In this post I’m focusing on coherence as a factor in ACPR/ACLR measurements. These ratios are a fundamental measurement for RF engineering, quantifying the ability of transmitters to properly share the RF spectrum.

To make the best measurements, it’s essential to understand the analyzer’s contribution to ACP and keep it to a minimum. As we’ve discussed previously, the analyzer itself will contribute power to measurements, and this can be a significant addition when measuring anywhere near its noise or distortion floor.

We might expect this straightforward power contribution to also apply to ACPR measurements, where the signals appear to be a kind of band-limited noise that may slope with frequency. However, it’s important to remember that these are actually distortion measurements, and that the assumption of non-coherence between the signal and the analyzer is no longer a given.

Indeed, an intuitive look at the nonlinearity mechanisms in transmitters and analyzers suggests that coherence of some kind is to be expected. This moves us from power addition (a range of 0 dB to +3dB) to voltage addition and the larger apparent power differences this can cause.

Diagram of error in ACPR/ACLR measurements vs. analyzer mixer level/attenuation. Diagram specifically calls out the case where DUT and analyzer ACPR are same, and how this can cause large ACPR errors due to coherent signal addition or cancellation.

This diagram shows how analyzer mixer level affects ACPR measurement error when the analyzer and DUT distortion are coherent. The largest errors occur when the ACP of the DUT and analyzer are the same, indicated by the vertical dashed red line.

Interestingly, the widest potential error band occurs not where the analyzer ACP is largest but when it is the same as the DUT ACP. Consequently, adjusting the mixer level to minimize total measured ACP may lead you to a false minimum.

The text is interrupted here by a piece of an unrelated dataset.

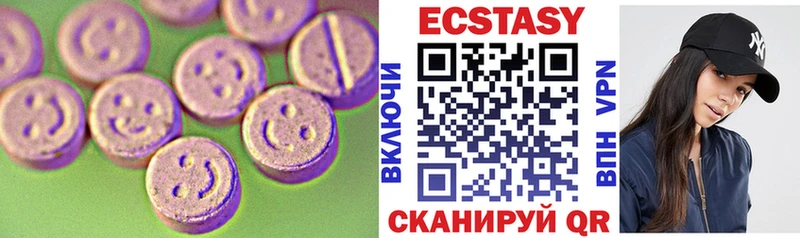 Купить  Белая Калитва  Экстази Punisher 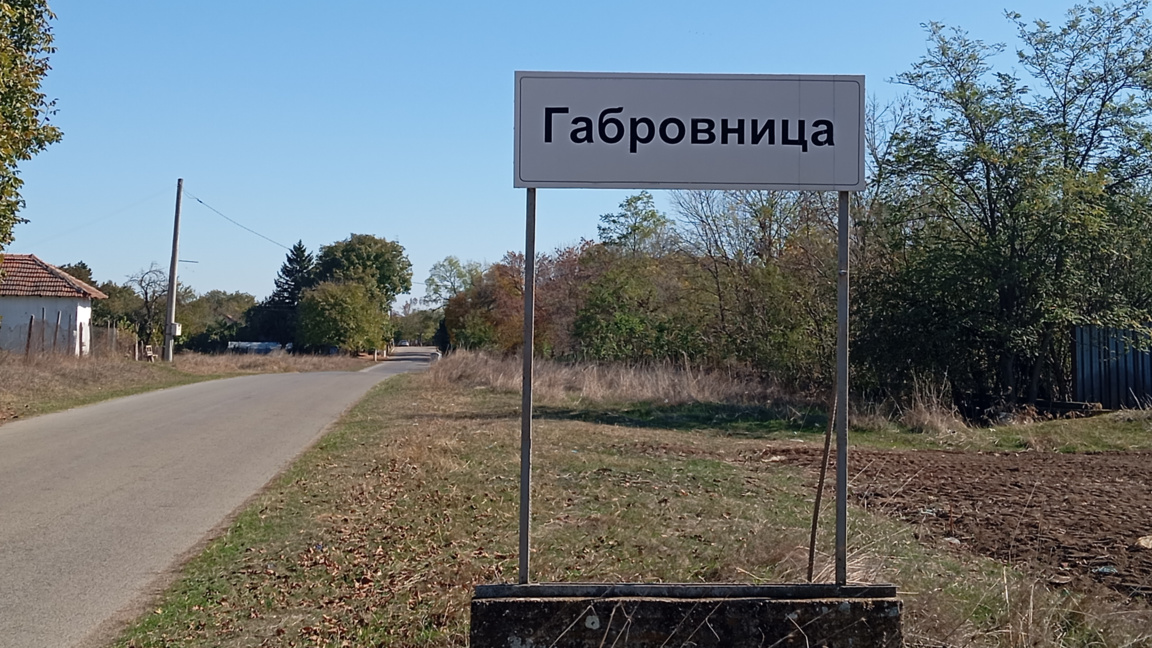 Задържаха жител на монтанското село Габровница за побой над двама мъже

There are a number of challenges in optimizing an ACPR measurement:

  •  Noise power subtraction cannot be used due to analyzer/DUT coherence.
  •  Narrow RBWs are no help because they have an equal effect on the apparent power from the analyzer and DUT.
  • Low mixer levels (or higher input attenuation) minimize analyzer-generated distortion but increase measurement noise floor.
  • High mixer levels improve measurement noise floor but increase analyzer-generated distortion.

While the settings for lowest total measurement error are not exactly the same as for minimum analyzer-generated ACP, they are generally very close. In a future post I’ll discuss the differences, and ways to optimize accuracy, no matter what The Fates have in mind for you.